**EXERCISE DATA**
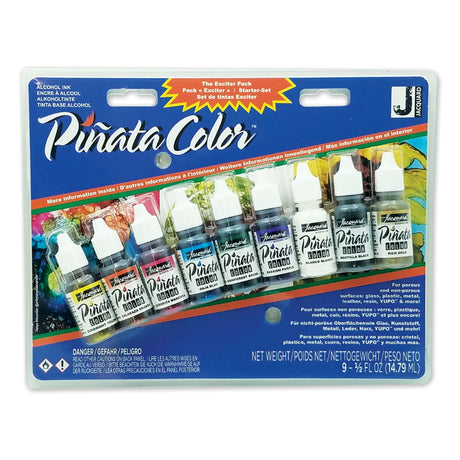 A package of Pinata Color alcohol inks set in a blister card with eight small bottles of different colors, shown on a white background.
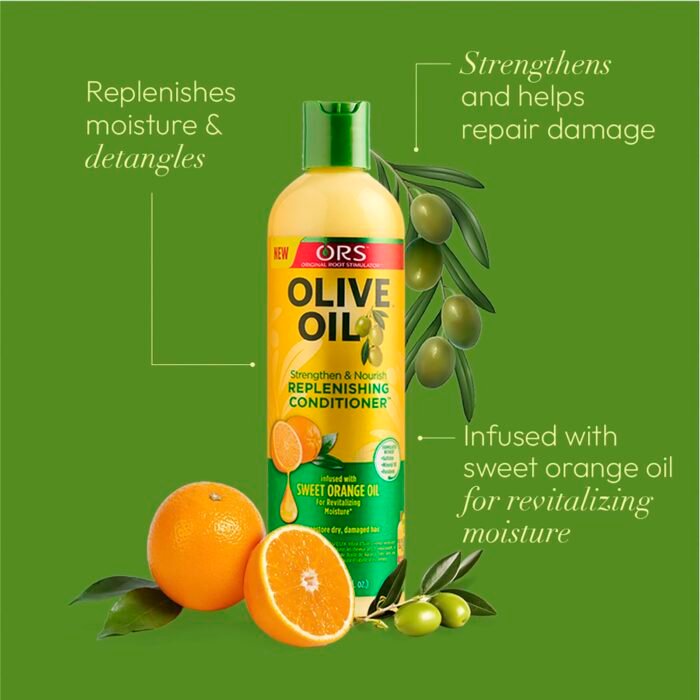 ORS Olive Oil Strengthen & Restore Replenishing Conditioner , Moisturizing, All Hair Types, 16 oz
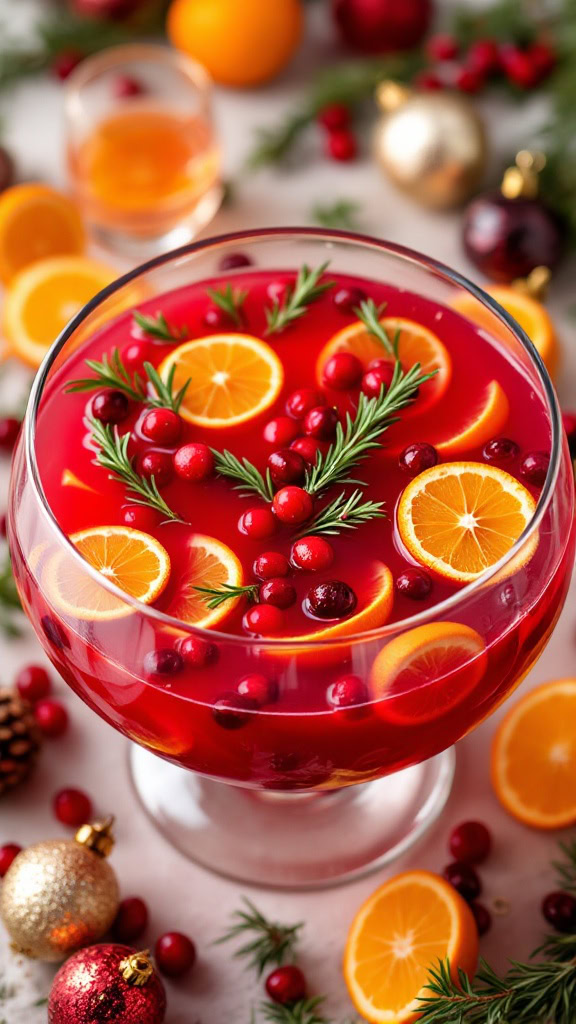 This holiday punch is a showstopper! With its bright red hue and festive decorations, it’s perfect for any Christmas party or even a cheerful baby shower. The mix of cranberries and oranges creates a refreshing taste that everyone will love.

**HOW TO COMPLETE THIS TASK**
No pictures belong in the answer; copy all other parts of the listing exactly.

**TASK ANSWER**
 A package of Pinata Color alcohol inks set in a blister card with eight small bottles of different colors, shown on a white background.
 ORS Olive Oil Strengthen & Restore Replenishing Conditioner , Moisturizing, All Hair Types, 16 oz
 This holiday punch is a showstopper! With its bright red hue and festive decorations, it’s perfect for any Christmas party or even a cheerful baby shower. The mix of cranberries and oranges creates a refreshing taste that everyone will love.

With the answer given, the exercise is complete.